She currently weighs 32 lbs and has such a wonderful personality...she's learned that she gets her feed on the milkstand after Binkey and Penny get theirs and is impatiently waiting by dancing around the gate chattering.The nights have been a bit cool here so she's not been shaved and she isn't "set up" these are her natural "poses".
She is a bit fat and I can see that she does need to have a bit more brisket, her rump isn't flat but not steep and is long and has good width...dairy in appearance.


----------



## Shellshocker66 (Mar 19, 2012)

*Re: Dollys Acre MY Foxy Lil' Lady... 14 weeks*

So cute!


----------



## RMADairyGoats (Jun 20, 2011)

*Re: Dollys Acre MY Foxy Lil' Lady... 14 wks What do you thin*

I like her! She has great length from hips to pins and overall a lot of dairy character with great levelness over her topline. Pretty girl


----------



## WalnutGroveFarm (Sep 27, 2008)

*Re: Dollys Acre MY Foxy Lil' Lady... 14 wks What do you thin*

Im still learning to but I think she is gorgeous, and I love her color


----------



## RPC (Nov 6, 2009)

*Re: Dollys Acre MY Foxy Lil' Lady... 14 wks What do you thin*

I think she looks really nice Liz


----------



## Maggie (Nov 5, 2010)

*Re: Dollys Acre MY Foxy Lil' Lady... 14 wks What do you thin*

Very Pretty


----------



## HoosierShadow (Apr 20, 2010)

*Re: Dollys Acre MY Foxy Lil' Lady... 14 wks What do you thin*

She's beautiful!


----------



## J.O.Y. Farm (Jan 10, 2012)

*Re: Dollys Acre MY Foxy Lil' Lady... 14 wks What do you thin*

She is just beautiful! And lots of length!!!


----------



## liz (Oct 5, 2007)

*Re: Dollys Acre MY Foxy Lil' Lady... 14 wks What do you thin*

Thank you! It's nice to see that others see what I do.... I'm gonna get hubby to use the camera while I'm feeding her some goodies and hopefully get some better pics. I need to put one on my doe page on the website and just haven't liked any yet to do so.
Shaved pics of her mama Penny and Auntie Binkey will be following soon!


----------



## J.O.Y. Farm (Jan 10, 2012)

*Re: Dollys Acre MY Foxy Lil' Lady... 14 wks What do you thin*

I can't wait to see them!


----------



## nubians2 (Feb 20, 2011)

*Re: Dollys Acre MY Foxy Lil' Lady... 14 wks What do you thin*

She is very nice!

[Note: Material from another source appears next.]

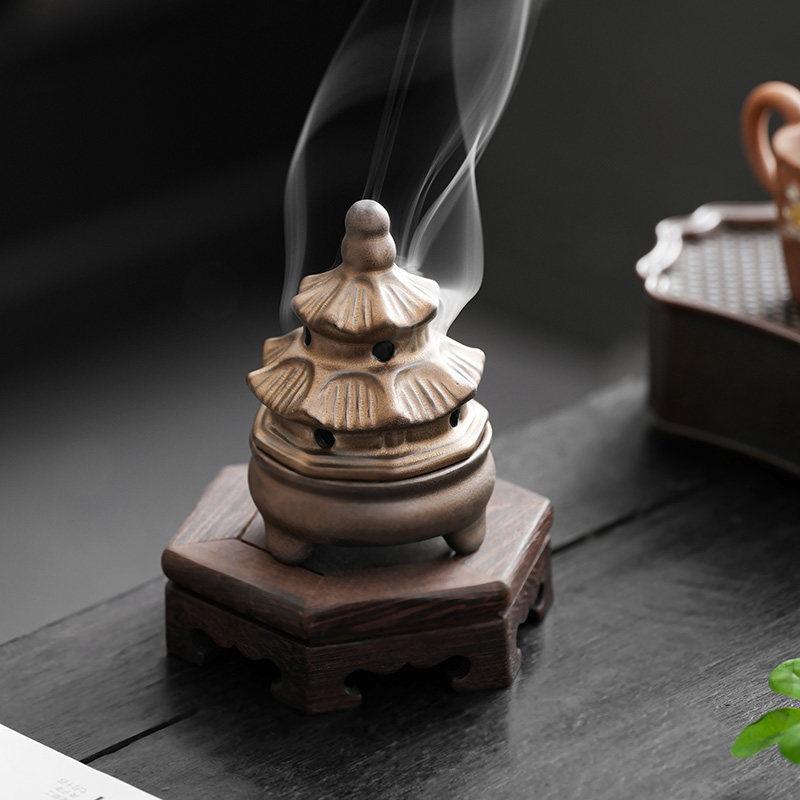 Meditation Home Decor Pagoda Incense Burner Set for Cone Stick Backflow Aromatherapy Yoga Zen Gift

Looks like a sweetie


----------



## Boergoat1234 (Jun 8, 2012)

*Re: Dollys Acre MY Foxy Lil' Lady... 14 wks What do you thin*

Very nice! :stars:


----------



## ThreeHavens (Oct 20, 2011)

*Re: Dollys Acre MY Foxy Lil' Lady... 14 wks What do you thin*

Can't wait to see more pictures! She looks lovely. A long, pretty doe.


----------



## liz (Oct 5, 2007)

*Re: Dollys Acre MY Foxy Lil' Lady... 14 wks What do you thin*

Woodhavenfarm.... I have a more recent pic of Foxy semi clipped here viewtopic.php?f=13&t=32976&start=0


----------



## goatiegurl*Oh (Nov 11, 2007)

*Re: Dollys Acre MY Foxy Lil' Lady... 14 wks What do you thin*

Very nice


----------



## toth boer goats (Jul 20, 2008)

*Re: Dollys Acre MY Foxy Lil' Lady... 14 wks What do you thin*

Beautiful ....


----------